Iranian-American actress

Talayeh Ashrafi (طلایه اشرفی;), known professionally as Tala Ashe, is an Iranian-American actress. She was nominated for a Tony Award for Best Featured Actress in a Play in 2024 and known for her roles on the television series Smash, The Girls on the Bus, Adults, American Odyssey, and As the World Turns, as well as her regular role as Zari Tomaz and Zari Tarazi on The CW superhero series Legends of Tomorrow.

Ashe has acted in many musical and play productions, including Broadway's English, for which she received nominations at the Tony Award for Best Featured Actress in a Play and at the Drama League Award for Distinguished Performance.

== Early life and education ==
Ashe was born in Tehran, Iran. She immigrated to the United States when she was nine months old. Ashe grew up in Powell, Ohio, just outside of the state capital Columbus. She participated in her high school theatre productions as both an actress and director.

Ashe received a BFA from Boston University's School of Theatre. She also trained at the London Academy of Music and Dramatic Art and the Upright Citizens Brigade Theatre in New York City.

== Career ==
Ashe has performed in numerous regional and Off-Broadway stage productions. Ashe's first screen credit is for her role as Nadia in the 2008 film Waiting in Beijing. She was credited as Tala Ashrafi, but is credited as Tala Ashe in all subsequent roles. She has made guest appearances on the series Law & Order, Law & Order: Criminal Intent, 30 Rock, and Covert Affairs. Ashe has also had recurring roles on Smash and American Odyssey. She was also a cast member on As the World Turns.

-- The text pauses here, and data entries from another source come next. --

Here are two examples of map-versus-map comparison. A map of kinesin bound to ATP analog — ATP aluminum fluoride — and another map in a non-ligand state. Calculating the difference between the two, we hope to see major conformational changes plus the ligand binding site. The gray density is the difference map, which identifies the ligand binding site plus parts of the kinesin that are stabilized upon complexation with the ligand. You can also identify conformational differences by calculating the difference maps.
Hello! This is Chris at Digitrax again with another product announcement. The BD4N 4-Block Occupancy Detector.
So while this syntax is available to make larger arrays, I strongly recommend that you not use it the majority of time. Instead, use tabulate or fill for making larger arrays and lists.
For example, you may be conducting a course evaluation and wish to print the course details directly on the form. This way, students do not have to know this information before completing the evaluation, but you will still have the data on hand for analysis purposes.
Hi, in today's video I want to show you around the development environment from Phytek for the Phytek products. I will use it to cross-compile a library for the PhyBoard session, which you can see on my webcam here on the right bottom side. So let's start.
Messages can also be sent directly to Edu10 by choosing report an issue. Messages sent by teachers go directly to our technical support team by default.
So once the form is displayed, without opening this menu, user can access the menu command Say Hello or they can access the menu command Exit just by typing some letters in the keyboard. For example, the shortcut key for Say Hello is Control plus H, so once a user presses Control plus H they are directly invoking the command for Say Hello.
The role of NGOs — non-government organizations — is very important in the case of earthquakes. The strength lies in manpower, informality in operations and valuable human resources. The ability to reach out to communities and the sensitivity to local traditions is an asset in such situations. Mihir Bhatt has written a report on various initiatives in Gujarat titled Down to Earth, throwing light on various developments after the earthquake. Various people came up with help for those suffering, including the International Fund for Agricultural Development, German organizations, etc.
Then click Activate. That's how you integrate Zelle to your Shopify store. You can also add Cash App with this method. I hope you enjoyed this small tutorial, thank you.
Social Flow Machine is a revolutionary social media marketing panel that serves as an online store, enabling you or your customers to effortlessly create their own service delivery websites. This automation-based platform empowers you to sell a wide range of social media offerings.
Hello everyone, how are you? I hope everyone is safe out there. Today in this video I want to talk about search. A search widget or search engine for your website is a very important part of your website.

In 2017, Ashe joined the main cast of Legends of Tomorrow as Zari Tomaz. She took the lead for a bottle episode titled "Here I Go Again" and drew praise from critics and fans alike for her performance.

In 2022, Ashe was cast for the lead role of Elham on Off-Broadway debut play English at the Linda Gross Theatre. After playing the role in a number of theatres in the US, the play debuted on Broadway at the Roundabout Theatre Company's Todd Haimes Theatre in January 2025. Her performance gave her a Tony Award nomination for Best Featured Actress in a Play and a Drama League Award for Distinguished Performance.

== Personal life ==
Ashe is Iranian-American and holds dual citizenship. Her name, Talayeh, means "pioneer" in Persian and comes from the Shahnameh. In addition to English, she speaks fluent Persian. Along with her fellow Arrowverse actresses, Ashe is a founding member of Shethority, a project aimed at inspiring and uplifting women (inclusively defined).

== Filmography ==

Television and film roles
| Year | Title | Role | Notes |
|---|---|---|---|
| 2008 | Waiting in Beijing | Nadia | Film; credited as Tala Ashrafi |
| 2008 | Law & Order | Madison | Episode: "Angelgrove" |
| 2008 | As the World Turns | Ameera Ali Aziz | Recurring role, 26 episodes |
| 2011 | Law & Order: Criminal Intent | Rebecca Landon | Episode: "Boots on the Ground" |
| 2012 | Smash | R.J. Quigley | Recurring role (season 1), 6 episodes |
| 2015 | American Odyssey | Anna Stone | Recurring role, 7 episodes |
| 2017–2022 | Legends of Tomorrow | Zari Tomaz and Zari Tarazi | Main role (season 3–7), 74 episodes |
| 2024 | The Girls on the Bus | Althea Abdi | Recurring role |
| 2025 | Adults | Hilary | Episode: "Roast Chicken" |
| 2026 | CIA | Leila Karimi | Episode: "Deep Cover" (S1E5) |

== Stage ==
In addition to the following, Ashe has also performed in productions of Love's Labour's Lost (as Tala Ashrafi; Huntington Theatre Company), Age of Innocence (New York Arena), Autophagy (Drama League Director's Project), Twelfth Night (Actors' Shakespeare Project), and Pearls from Salt (Olney Theatre), among others.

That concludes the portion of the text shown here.